A pesar de las dudas, la empresa necesita, para prosperar y ser útil, el caldo fecundador de la libertad, ya que si no, languidece y pierde vigor

Pues bien, los acontecimientos vividos en unas pocas pero significativas empresas de Estados Unidos el pasado año, unidos a otras actuaciones no tan llamativas, pero dudosas, en espacios más cercanos, provocó una generalización de la inquietud y un incremento de la preocupación, lo que dio lugar a una serie de iniciativas tendentes a la búsqueda de instrumentos limitadores del riesgo inherente a actuaciones deshonestas en la gestión de las empresas.

De todas las iniciativas recientes llevadas a cabo en España, la más conocida es la llamada Comisión Aldama, cuyos trabajos, ya concluidos, ofrecen una serie de recomendaciones a aplicar para la mejora en el gobierno de las empresas, cargadas de sentido común, las cuales han recibido un beneplácito generalizado, al menos en los medios empresariales con los que mantengo una relación próxima.

Charlábamos el otro día con Carlos Bustelo, que fue vicepresidente de la Comisión Aldama, y nos comentaba las dificultades encontradas a lo largo de los trabajos llevados a cabo hasta alcanzar la redacción final, debidas sobre todo a las discrepancias surgidas entre dos posturas contrapuestas, la una más reglamentista e interventora y las otra de carácter más liberal.

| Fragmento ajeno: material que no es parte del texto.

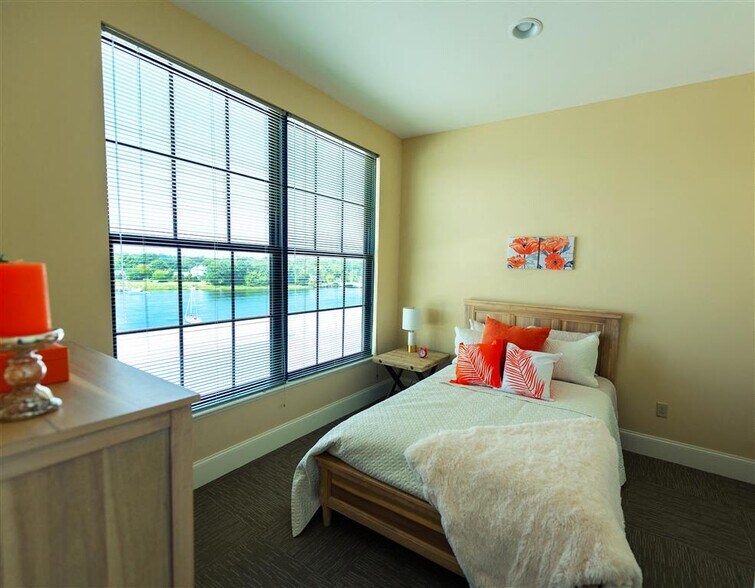 More Photos Of 99 Main St, Warren Apartments For Lease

Siempre ocurre lo mismo, sea cual fuere la cuestión que se debata porque, en el fondo, eso es lo que yo creo, la aceptación de la economía de mercado, sobre todo en lo que afecta a la empresa, tiene mucho más de postulado teórico que de comportamiento práctico. Puede resultar algo duro el mantener esta afirmación, pero, créanme, está avalada por una amplia experiencia en el desarrollo de proyectos empresariales, en la elaboración de diferentes leyes y en relaciones cercanas y afectivas con multitud de empresarios y directivos.

Salvo en el mundo empresarial, en el resto de los actores he observado siempre una actitud de sospecha y desconfianza hacia la empresa, cuanto más grande más acentuada, alcanzando el grado supremo si se trata de una multinacional. Por tanto, ya que hay que soportarlas, es necesario establecer mecanismos de control próximos, ya que de lo contrario se producirán los mayores desastres.

Estas posiciones no se explicitan pero intentan aplicarse, sea cual fuere la fórmula jurídica de empresa, y así lo he comprobado en las sociedades de capital y en las sociedades de personas, es decir cooperativas. Daría la impresión de que quienes ostentan la propiedad de la empresa, en virtud de la legalidad vigente, son o menores de edad que deben ser tutelados o personas adultas para quienes la empresa es un instrumento para la apropiación indebida.

Pero incluso allí donde más rotunda debería ser la defensa del principio de libertad, me refiero al directivo o al empresario, la fe se desvanece cuando de la aplicación de ese principio se deriva un incremento de la competencia para la empresa que se dirige. He podido observar casos, y no aislados, en los que los defensores de la libertad de mercado acudían presurosos a reclamar de la Administración medidas protectoras que cercenaran la libertad de sus competidores.

Y sin embargo, a pesar de tantas dudas, la empresa española necesita para prosperar y ser útil a la sociedad, el caldo fecundador de la libertad, ya que de otro modo languidece, se agosta, pierde vigor y apenas puede sobrevivir. Cuando alguien hace las cosas mejor que nosotros, lo que procede no es reclamar que se le restrinja la libertad sino innovar, buscando modelos superadores o, si no es posible otra cosa, copiarle.

De esta actitud miedosa y desconfiada hacia la libertad empresarial, dentro del marco legal, claro está, no se salvan ni los intelectuales ni la Universidad ni los políticos ni los medios de comunicación, que, con bastante frecuencia, arrojan sombras de sospecha sobre el funcionamiento de las empresas, por mucho que para sus respectivas tareas reclamen, con todo el derecho, la liberta como soporte indispensable.

Seguramente hagan falta pocas normas y menos intervencionismo y sea suficiente con que las leyes se apliquen con todo rigor para quienes las transgredan, dentro y fuera del mundo empresarial.